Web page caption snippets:
▼▼▼
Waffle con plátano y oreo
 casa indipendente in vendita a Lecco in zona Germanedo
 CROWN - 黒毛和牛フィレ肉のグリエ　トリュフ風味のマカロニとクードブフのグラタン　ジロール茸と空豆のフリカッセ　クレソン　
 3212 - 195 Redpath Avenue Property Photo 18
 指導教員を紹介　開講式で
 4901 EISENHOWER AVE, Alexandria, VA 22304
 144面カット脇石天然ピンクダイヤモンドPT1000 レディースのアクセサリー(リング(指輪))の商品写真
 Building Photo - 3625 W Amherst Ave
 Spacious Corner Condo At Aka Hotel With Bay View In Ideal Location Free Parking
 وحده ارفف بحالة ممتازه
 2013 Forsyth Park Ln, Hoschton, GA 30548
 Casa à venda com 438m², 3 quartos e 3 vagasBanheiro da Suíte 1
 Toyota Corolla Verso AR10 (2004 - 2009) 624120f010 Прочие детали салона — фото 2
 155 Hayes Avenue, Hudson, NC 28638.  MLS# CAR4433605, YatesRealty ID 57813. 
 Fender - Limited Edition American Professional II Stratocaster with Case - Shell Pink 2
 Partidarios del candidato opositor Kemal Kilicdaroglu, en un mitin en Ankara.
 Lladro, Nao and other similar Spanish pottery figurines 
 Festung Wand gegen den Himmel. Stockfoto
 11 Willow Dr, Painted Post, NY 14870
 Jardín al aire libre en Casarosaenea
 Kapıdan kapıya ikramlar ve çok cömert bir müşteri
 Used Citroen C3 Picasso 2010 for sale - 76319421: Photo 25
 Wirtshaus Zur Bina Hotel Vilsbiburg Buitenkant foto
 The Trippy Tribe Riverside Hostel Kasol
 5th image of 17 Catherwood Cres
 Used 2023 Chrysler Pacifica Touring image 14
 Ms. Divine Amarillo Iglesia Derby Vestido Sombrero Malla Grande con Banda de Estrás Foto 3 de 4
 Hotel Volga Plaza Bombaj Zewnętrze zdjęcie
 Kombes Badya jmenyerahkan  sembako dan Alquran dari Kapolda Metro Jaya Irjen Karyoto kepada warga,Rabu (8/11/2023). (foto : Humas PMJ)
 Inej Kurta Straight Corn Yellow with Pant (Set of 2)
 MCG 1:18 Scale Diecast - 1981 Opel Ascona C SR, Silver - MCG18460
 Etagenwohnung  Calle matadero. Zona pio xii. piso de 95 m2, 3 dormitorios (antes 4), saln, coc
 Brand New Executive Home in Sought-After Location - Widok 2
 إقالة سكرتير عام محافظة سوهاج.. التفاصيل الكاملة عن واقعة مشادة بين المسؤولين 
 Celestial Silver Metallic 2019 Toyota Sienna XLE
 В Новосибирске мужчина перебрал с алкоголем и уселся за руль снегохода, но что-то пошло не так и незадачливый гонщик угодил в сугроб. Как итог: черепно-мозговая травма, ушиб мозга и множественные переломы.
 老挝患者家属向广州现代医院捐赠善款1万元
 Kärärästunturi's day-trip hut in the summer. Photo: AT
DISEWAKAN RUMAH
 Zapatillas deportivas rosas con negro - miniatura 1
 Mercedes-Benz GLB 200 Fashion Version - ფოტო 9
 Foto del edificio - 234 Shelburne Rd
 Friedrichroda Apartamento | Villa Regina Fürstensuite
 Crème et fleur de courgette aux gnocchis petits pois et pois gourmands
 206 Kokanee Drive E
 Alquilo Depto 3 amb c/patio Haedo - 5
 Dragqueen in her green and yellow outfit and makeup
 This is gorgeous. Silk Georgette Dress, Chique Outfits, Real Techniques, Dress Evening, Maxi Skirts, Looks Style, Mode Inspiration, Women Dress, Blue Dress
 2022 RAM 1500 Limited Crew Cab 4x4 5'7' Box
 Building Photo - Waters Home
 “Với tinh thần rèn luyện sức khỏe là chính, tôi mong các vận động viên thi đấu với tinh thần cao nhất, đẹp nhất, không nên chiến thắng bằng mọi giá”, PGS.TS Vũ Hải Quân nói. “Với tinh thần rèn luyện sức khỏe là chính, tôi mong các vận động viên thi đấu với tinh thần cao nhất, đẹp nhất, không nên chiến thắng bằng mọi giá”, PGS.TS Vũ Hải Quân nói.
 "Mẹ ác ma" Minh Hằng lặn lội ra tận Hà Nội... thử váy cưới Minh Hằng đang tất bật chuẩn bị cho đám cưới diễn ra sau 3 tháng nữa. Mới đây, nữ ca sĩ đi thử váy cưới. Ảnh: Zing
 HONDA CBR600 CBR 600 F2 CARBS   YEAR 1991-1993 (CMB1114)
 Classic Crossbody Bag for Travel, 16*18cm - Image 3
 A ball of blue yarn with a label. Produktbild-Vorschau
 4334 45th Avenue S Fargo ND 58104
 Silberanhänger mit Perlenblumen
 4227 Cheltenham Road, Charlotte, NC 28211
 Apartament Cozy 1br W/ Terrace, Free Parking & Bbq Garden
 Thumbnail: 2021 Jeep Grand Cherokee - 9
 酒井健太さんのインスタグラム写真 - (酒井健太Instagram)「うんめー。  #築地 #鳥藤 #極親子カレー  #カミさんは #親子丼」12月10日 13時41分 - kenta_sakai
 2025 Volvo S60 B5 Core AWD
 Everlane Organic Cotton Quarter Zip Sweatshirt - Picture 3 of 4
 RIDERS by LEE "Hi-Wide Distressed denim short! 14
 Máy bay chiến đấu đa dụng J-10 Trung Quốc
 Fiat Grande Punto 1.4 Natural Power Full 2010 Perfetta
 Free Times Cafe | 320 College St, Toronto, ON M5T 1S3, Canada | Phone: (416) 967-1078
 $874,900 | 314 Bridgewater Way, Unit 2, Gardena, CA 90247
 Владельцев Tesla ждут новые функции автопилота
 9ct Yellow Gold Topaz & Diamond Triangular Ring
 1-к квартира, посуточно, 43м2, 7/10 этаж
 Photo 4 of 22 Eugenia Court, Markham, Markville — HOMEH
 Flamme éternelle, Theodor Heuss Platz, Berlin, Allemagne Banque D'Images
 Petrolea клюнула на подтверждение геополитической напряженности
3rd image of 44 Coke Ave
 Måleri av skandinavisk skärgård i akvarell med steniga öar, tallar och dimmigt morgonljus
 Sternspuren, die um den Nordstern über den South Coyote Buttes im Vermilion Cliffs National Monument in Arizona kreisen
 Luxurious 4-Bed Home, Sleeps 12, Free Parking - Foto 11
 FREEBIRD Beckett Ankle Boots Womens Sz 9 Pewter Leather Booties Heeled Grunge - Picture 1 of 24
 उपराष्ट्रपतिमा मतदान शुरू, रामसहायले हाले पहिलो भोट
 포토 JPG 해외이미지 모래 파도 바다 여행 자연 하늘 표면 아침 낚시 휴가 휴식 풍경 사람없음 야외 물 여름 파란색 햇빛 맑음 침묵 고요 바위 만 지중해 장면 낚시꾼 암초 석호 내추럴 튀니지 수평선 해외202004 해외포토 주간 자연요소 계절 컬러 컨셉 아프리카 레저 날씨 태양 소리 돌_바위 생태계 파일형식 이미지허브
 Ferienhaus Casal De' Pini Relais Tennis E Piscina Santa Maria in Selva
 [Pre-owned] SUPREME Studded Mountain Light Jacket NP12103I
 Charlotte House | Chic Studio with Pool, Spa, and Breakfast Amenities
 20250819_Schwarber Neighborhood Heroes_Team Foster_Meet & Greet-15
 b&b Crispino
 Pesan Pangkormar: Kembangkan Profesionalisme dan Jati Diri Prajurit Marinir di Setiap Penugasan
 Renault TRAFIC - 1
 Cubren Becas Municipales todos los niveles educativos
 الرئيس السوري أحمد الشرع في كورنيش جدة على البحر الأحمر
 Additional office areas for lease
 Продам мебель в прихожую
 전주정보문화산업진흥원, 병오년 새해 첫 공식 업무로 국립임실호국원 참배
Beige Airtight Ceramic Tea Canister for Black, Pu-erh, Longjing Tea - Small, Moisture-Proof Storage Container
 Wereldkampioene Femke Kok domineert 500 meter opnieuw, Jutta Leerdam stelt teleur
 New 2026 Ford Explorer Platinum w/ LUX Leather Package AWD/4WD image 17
▲▲▲
_REQUIREMENT_
Above are the records. Copy the lines beginning at the one that has "FREEBIRD Beckett Ankle" and ending with the one that has "उपराष्ट्रपतिमा मतदान शुरू, रामसहायले", unchanged.

_SOLUTION TO THE EXERCISE_
 FREEBIRD Beckett Ankle Boots Womens Sz 9 Pewter Leather Booties Heeled Grunge - Picture 1 of 24
 उपराष्ट्रपतिमा मतदान शुरू, रामसहायले हाले पहिलो भोट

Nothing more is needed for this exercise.